Yes, I probably could have guessed at their being something like it, but that's not the same as having my soul rocked by it. A rocked soul stands aside from the rational mind. It's more like a spice.

Another good example of this new, almost Naturalist vision is with the Robins. I've been looking at Robins with some pleasure for my whole life. I've also known from all the storybooks and proverbs about how Robins really like worms. That's nice. But until recently, until I stared into my zoom and followed Robins around for minutes at a time (very Naturalist type behavior), I never saw the Robins actually eating these said worms.

Now I see it all the time!

Maybe even a little too much, if you know what I mean.

Today I witnessed a special nature event. It was very exciting. I have seen nature events before, naturally enough: a giant flock of geese, a Golden Eagle catching a fish in the Mountains, deer in a lightning storm, a massive bloom of poppies, you know the kind of thing. But this one was a little smaller. I'm not sure I would've noticed if I weren't taking my photos.

Now let's go back to that beetle. 

I found some more. And since I'm not likely to say no to trying to get just the right shot of their iridescent green heads as they wander across flowers I was taking some pictures.

Like this:

And then all of a sudden there were birds everywhere!

It was the nature event!

And it wasn't Robins, who I have lots of pictures of, or sparrows, who I have a few pictures of but they're not very colorful. It was three varieties of birds that aren't uncommon, but that are shy enough, and uncommon enough, that I haven't been able to get pictures of them. They tend to prefer the deeper foliage of trees, and so far all the ones I've seen dart about constantly.

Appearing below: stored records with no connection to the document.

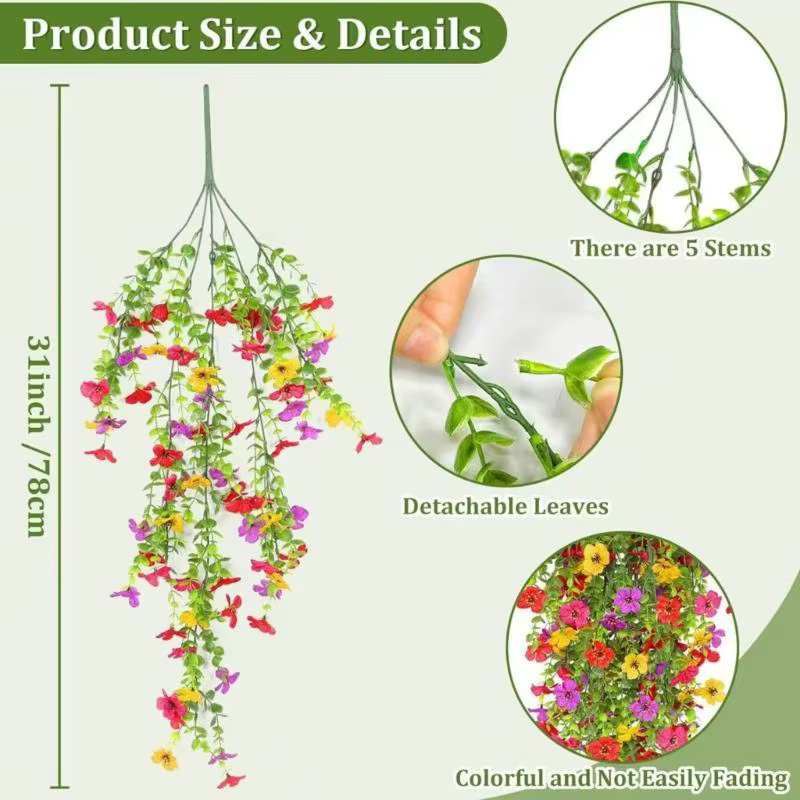 E8BD Fleur suspension artificielle pour décoration plante suspendue en plein air 6pcs 78
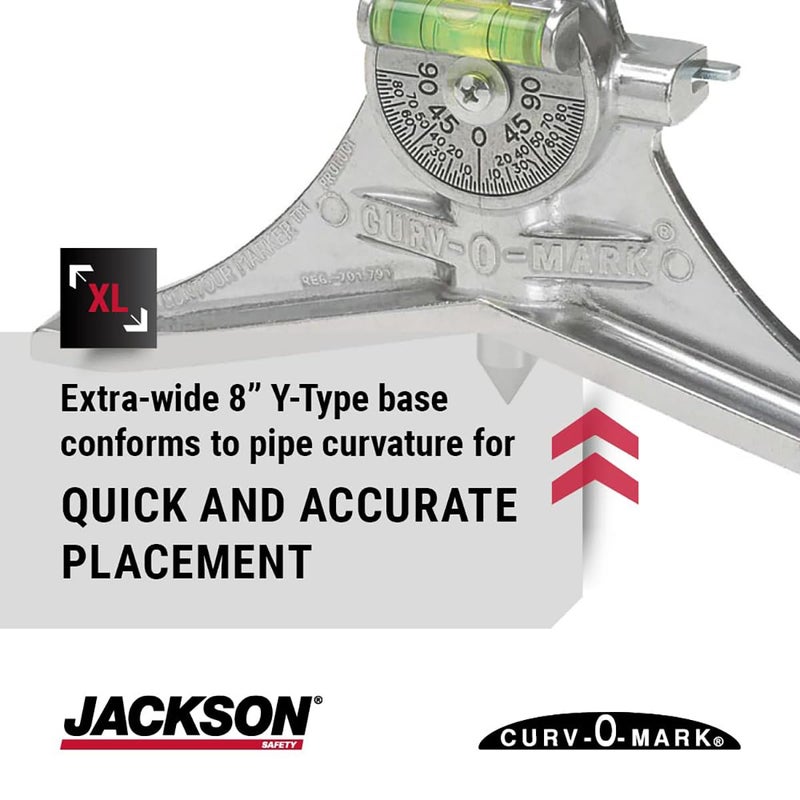 Jackson Safety أداة تحديد مركز الأنابيب - رأس Y قياسي 8 بوصة يقيس الأنابيب 1 بوصة وما فوق - كيرف-أو-مارك جامبو 7 - Image 4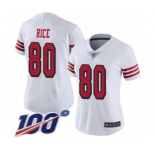 Women's San Francisco 49ers #80 Jerry Rice Limited White Rush Vapor Untouchable 100th Season Football Jersey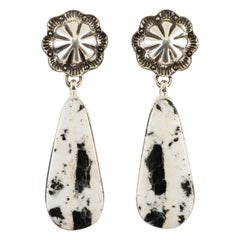 Navajo White Buffalo Turquoise Earrings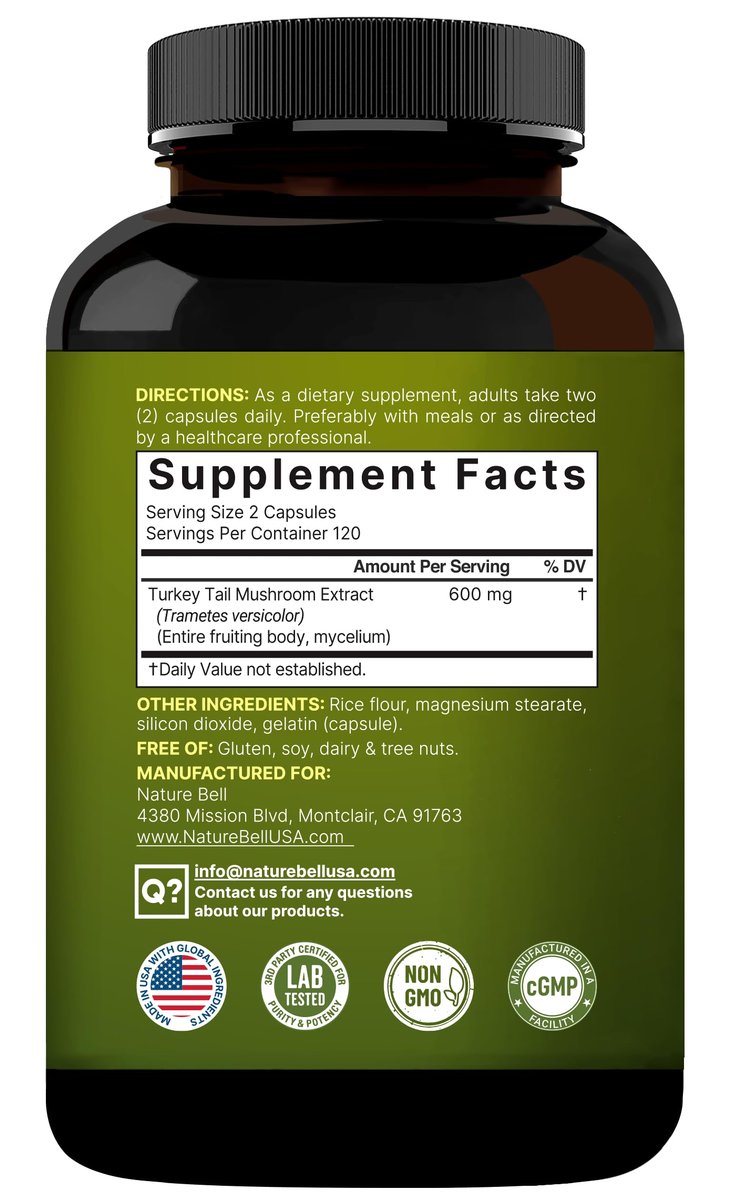 NatureBell Truthahnschwanz-Extrakt Kapseln, 600 mg pro Portion, 240 Stück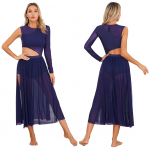 Naiste l&uuml;&uuml;riline kaasaegne tants trikoo lapiga k&uuml;ljes l&otilde;hestatud v&otilde;rkkleit, lendav kost&uuml;&uuml;m M tumesinine v&auml;rv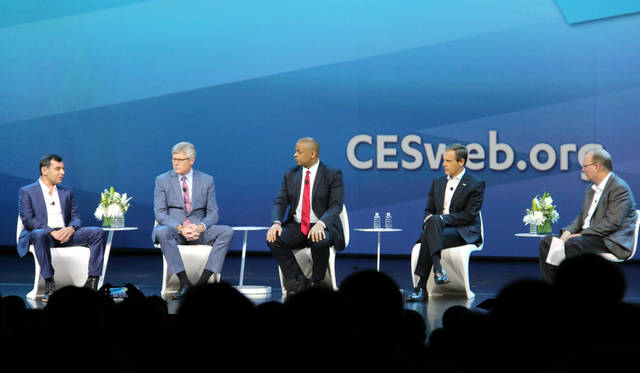A discussion on January 7th during CES 2016, with U.S. Secretary of Transportation Anthony Foxx (center).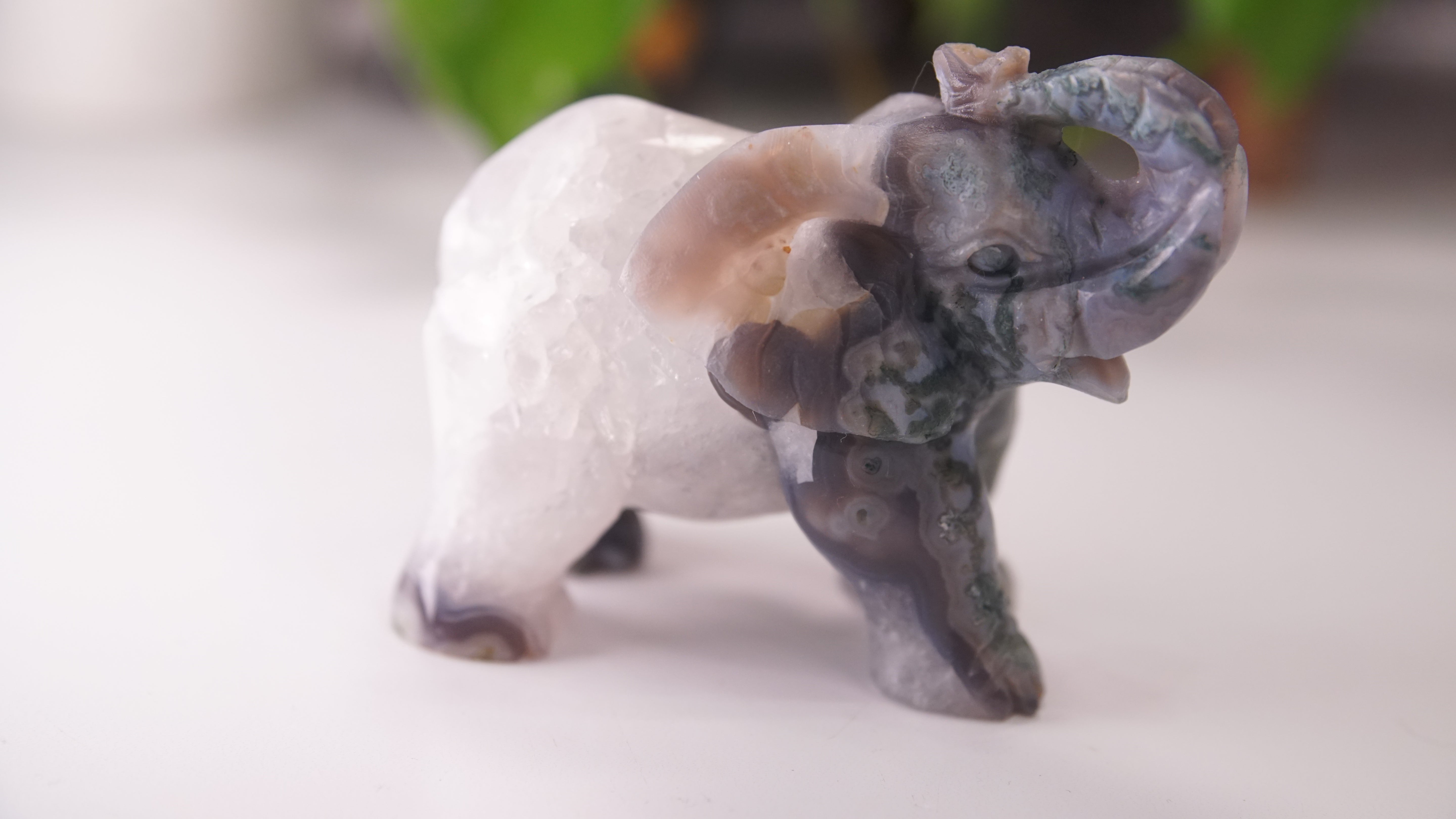 Druzy Moss Agate Boutique Elephant Carving | Crystal Carving Statement Piece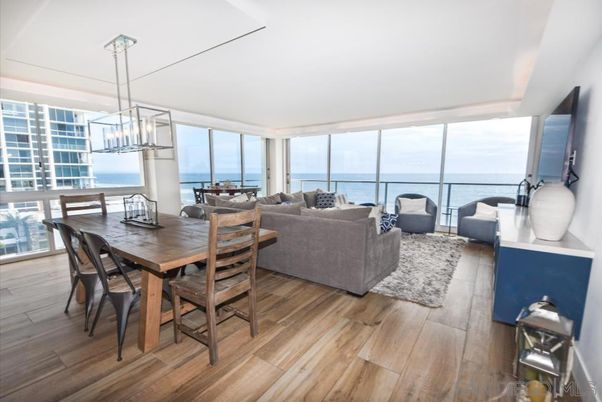Dining room, Interior, Living room, Pendant Lights, Water, Wood Texture Flooring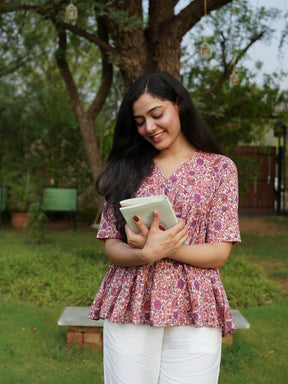 White Printed Half-Sleeve Alia Cut Cotton Top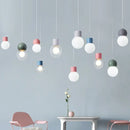 DecorBites™ Kids Bedside Pendulum Light - Gourd Shape, Milky Glass, Macaron Ceiling Pendant - Pink/Yellow/Blue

These weren't really different in that sense. They were very active. I didn't get a picture at all of the woodpecker. But because there were several blue jays I was actually able to get an only a little bit blurry and not quite close enough picture of one.

A blue jay! 

Oh boy. 

But most of the birds jumping around the tree were this yellowish one. I think it's an American Goldfinch. There were at least a dozen of them hopping busily around. I've never seen so many before. It was pretty exciting.

I took as many pictures as I could, knowing I would be lucky if one or two turned out, and eventually all the birds left and I went on my way too.

Naturally I wondered what all the excitement was in the tree. And I had my surmise that it was some small feeding event, but that's just guesswork, the work of the old me who wasn't a Naturalist, as opposed to the new me who is almost a Naturalist.

But all wasn't revealed until I went home and looked through my photos.

I came across a decent action pic of the (maybe it's an) American Goldfinch. He (she?) was eating just like I guessed.

Take a good look:


That's our beetle!


  1. My post didn't post, so I'm posting it again, tho it will not be the same words as my last post, but I'm hoping will catch the spirit of my last post that I posted. Here is the post I posted, but not the exact same post:

    No way! I know you've always had an affinity to beetles, having drawn them extensively. When the pic of the bird w/ the beetle in its beak, I thought, "no way!" but it was "way!" How cool! I mean, I'm sorry the beetle got eaten, but that's a cool pic. I like the friends flowers, too, from the next blog!

    1. Thank you for reposting a paraphrased version of your unposted previous post!

      I sure couldn't see it when I took the picture, so when I saw it on my computer I thought EXACTLY the same thing: "no way!"

      But as you so composedly say "way!", way indeed.